On n’est jamais prêts à vieillir, et plus que les rides naissantes, les insomnies persistantes ou l’invitation du ministère de la santé au dépistage du cancer colorectal, c’est souvent notre progéniture qui nous rappelle notre âge. On est encore moins prêts à mourir ! Pourtant, quand arrive l’âge fatidique des 18 ans, pour qu’ils apprennent à bien conduire, il va falloir être prêts à risquer votre bonus d’assurance ET votre intégrité physique (sans parler de celle de vos jantes 18 pouces). Certes, il n’y a rien d’obligatoire et l’on peut se contenter des leçons prodiguées par l’auto-école, mais il serait dommage de passer à côté de l’une des dernières occasions où vous pouvez, objectivement, être en position de leur transmettre une certaine expérience.
Ainsi, vous avez fait des enfants et, pour la première fois de votre vie, vous allez placer votre vie entre leurs mains, à moins qu’ils ne vous aient proposé de faire la cuisine quand ils avaient sept ans et que vous ayez alors frôlé la mort (explosion de gaz, incendie de la maison ou intoxication alimentaire). C’est avec vous qu’ils ont fait leurs premiers pas, balbutié leurs premiers mots, donné leurs premiers coups de pédale au Parc de Merl, et bu la moitié de la piscine de Bonnevoie. Tout cela remonte aux temps anciens, cette fameuse époque « je sais plus quand exactement, mais avant le Covid » et, désormais, ce sont vos enfants qui corrigent votre luxembourgeois ou vous montrent comment utiliser votre nouveau smartphone. Cela fait bien longtemps que vous avez renoncé à tenter de répondre aux exercices de maths ou de biologie pour lesquels, de toute façon, ils ont renoncé à vous demander de l’aide. Mais question démarrage en côte, ou entrée sur le rond-point Glück, là on rentre dans votre zone de confort. Tant mieux, car les conséquences de l’erreur d’inattention sont plus graves au volant de trois tonnes de métal lancées à 80 kilomètres heures qu’au guidon d’une draisienne ou derrière une feuille de papier. Vous allez pouvoir ressortir votre costume de Superpapa ou Supermaman (bien sûr que vous rentrez encore dedans).
Notre génération est la première à avoir infligé la conduite accompagnée à ses parents. Selon l’adage bien connu des grands-parents (« vos enfants nous vengeront ») c’est désormais notre tour d’invoquer silencieusement Saint-Christophe, de chercher une deuxième pédale de frein imaginaire, de nous cramponner au siège passager, ou de nous forcer à garder la bouche fermée alors que nous aurions déjà eu envie de hurler 20 fois. Le but de l’exercice est non seulement de réussir le permis sans dépenser l’équivalent du prix d’une première voiture, mais surtout de gagner en expérience, y compris celle d’avoir à côté de soi un passager insupportable.
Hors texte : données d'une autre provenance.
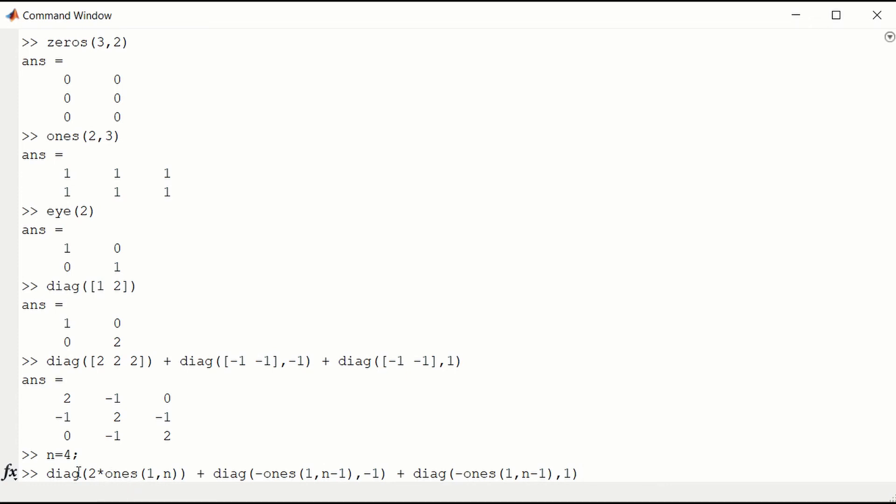So here we put 2 along the diagonal. So we have a 1 row, n columns. So a row vector of 1s that is consisting of 4 1s, n 1s. So this is a 2 along the diagonal.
Voyons le côté positif des choses : vous allez avoir la rare occasion de passer du temps avec un adolescent qui n’aura pas le nez collé sur son smartphone (enfin, espérons-le) ; vous allez pouvoir réviser vos manœuvres, y compris le créneau dont une forme d’aversion collective a contribué au succès des parkings souterrains ; vous allez pouvoir jouer les anciens combattants, du temps où l’avertisseur sonore de recul était le bruit du pare-chocs qui rencontrait une borne en béton, et où il ne fallait pas compter sur un GPS pour s’orienter sur les routes sinueuses du Mullerthal mais sur les capacités à mémoriser les cartes routières et à déchiffrer les panneaux indicateurs.
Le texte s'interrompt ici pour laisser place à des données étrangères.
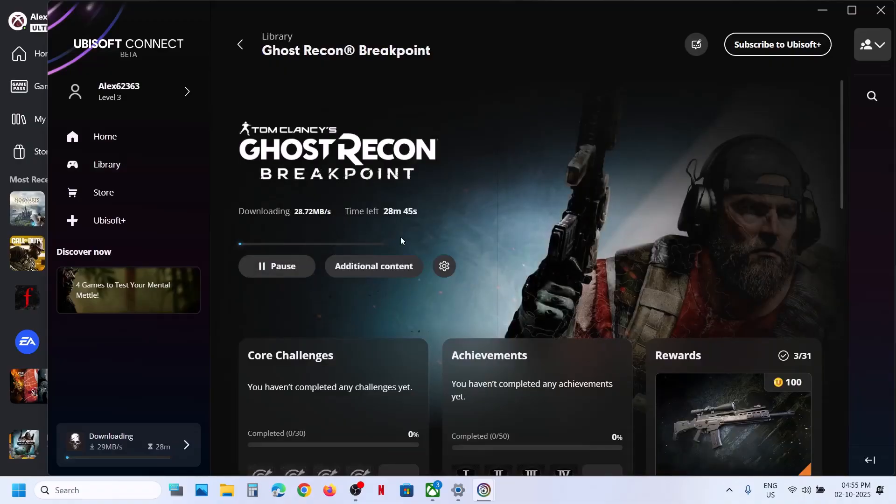So this is how you can download, install and play the game. That will be all. Thank you so much for your time, and please like this video and subscribe to my channel. Thank you.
Même si la plupart des adolescents ont déjà conduit des Porsche (sur Gran Turismo, certes), et vous battent à plate couture à Mario Kart, vous pourrez leur rappeler que le but n’est pas d’arriver premier ou d’éviter les carapaces de tortues, mais bien de faire attention aux piétons, aux vélos et à votre embrayage. C’est surtout l’occasion de leur transmettre vos mauvaises habitudes, et leur apprendre ce qui n’est pas écrit dans les livres : quand est-il admis d’insulter les autres conducteurs ? au bout de combien de secondes après un feu vert peut-on klaxonner ? où sont cachés les radars ? pourquoi faut-il toujours essayer de tomber sur un chiffre rond quand on fait le plein d’essence ?
C’est, enfin, l’occasion d’une petite pensée pour Elon Musk, qui vient d’avoir son quatorzième enfant, et qui devrait peut-être retourner à ses activités passées, et terminer la mise au point des voitures à conduite autonome. Pour lui, pour ses enfants, et pour nous tous.